8) Poor Internal Practices
The best notice won’t help if staff don’t follow it. Train your team and support them with practical tools like an Employee Privacy Handbook and an Information Security Policy. This keeps what you say to customers aligned with what happens day-to-day.
How To Get Your Collection Notices In Place (A Simple Workflow)
If you’re starting from scratch or cleaning things up, follow a simple, repeatable process:
- Map your collection points: List every place you collect personal information (webforms, app screens, support flows, stores, events, recruitment portals).
- Identify the data and purpose: For each point, list the fields collected, why you collect them, whether provision is optional or required, and the third parties involved.
- Draft short, tailored notices: Write a concise notice for each touchpoint, linking to your Privacy Policy. Use layered language where helpful.
- Check alignment with your policy: Ensure each notice matches what your policy says about collection, disclosure and overseas storage.
- Implement and test: Place notices next to forms, confirm they display properly on mobile, and verify that consent boxes are clear and unticked by default for marketing.
- Support with internal tools: Put in place a Data Breach Response Plan, a Privacy Complaint Handling Procedure and an Access Request Form so you can action what your notices promise.
- Set a review cadence: Revisit your notices when you change a vendor, launch a new feature or expand to new regions; otherwise review annually.
This approach keeps things practical.
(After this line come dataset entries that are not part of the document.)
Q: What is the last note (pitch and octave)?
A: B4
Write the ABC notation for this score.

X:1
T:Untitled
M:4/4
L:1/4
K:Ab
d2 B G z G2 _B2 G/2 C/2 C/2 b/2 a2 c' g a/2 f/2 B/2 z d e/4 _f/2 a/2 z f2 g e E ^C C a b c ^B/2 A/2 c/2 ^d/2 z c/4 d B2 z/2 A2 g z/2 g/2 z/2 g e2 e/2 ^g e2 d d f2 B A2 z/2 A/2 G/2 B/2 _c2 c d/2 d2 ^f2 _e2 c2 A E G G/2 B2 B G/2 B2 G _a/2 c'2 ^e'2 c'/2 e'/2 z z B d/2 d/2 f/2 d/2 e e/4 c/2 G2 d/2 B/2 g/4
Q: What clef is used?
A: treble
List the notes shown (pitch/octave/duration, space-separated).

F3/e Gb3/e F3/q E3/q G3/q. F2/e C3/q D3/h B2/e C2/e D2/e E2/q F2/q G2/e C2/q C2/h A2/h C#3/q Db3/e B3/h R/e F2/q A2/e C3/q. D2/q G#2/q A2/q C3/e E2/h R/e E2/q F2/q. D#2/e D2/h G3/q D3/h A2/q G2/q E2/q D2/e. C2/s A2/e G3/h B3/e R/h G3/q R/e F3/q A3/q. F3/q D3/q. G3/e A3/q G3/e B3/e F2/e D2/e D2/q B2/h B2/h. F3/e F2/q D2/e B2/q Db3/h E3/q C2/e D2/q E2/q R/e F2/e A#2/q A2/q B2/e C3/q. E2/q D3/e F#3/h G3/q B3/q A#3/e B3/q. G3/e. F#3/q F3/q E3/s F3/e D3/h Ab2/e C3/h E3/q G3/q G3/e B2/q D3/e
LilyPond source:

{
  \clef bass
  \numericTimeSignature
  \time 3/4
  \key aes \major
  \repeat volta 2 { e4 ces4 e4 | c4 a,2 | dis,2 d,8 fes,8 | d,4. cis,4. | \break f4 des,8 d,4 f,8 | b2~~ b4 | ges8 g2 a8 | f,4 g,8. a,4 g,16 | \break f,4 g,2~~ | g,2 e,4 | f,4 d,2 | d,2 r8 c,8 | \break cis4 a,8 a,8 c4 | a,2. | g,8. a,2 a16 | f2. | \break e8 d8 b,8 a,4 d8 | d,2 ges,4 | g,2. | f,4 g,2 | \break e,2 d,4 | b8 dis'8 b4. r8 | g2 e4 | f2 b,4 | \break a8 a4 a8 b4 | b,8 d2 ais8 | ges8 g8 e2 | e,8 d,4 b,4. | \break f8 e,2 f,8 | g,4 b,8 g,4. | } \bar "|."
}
You don’t need to overhaul everything overnight - start with your highest-traffic collection points (like checkout and sign-ups) and work down the list.
Key Takeaways
- A Privacy Collection Notice is a short statement you provide at or before collection that explains what you’re collecting, why, who you share it with and how people can access or correct it.
- If you’re covered by the Privacy Act, APP 5 requires you to notify individuals at each collection touchpoint - websites, apps, in person and over the phone.
- Keep notices concise, tailored and visible, and make sure they align with your broader Privacy Policy and your actual practices.
- Don’t overlook overseas disclosures, indirect collection, or marketing transparency - inaccurate statements can also raise issues under the ACL.
- Support your notices with internal tools like a Data Breach Response Plan, Privacy Complaint Handling Procedure and Information Security Policy so you can do what you say.
- Set up a simple workflow to map collection points, draft tailored notices, implement them consistently and review regularly as your business changes.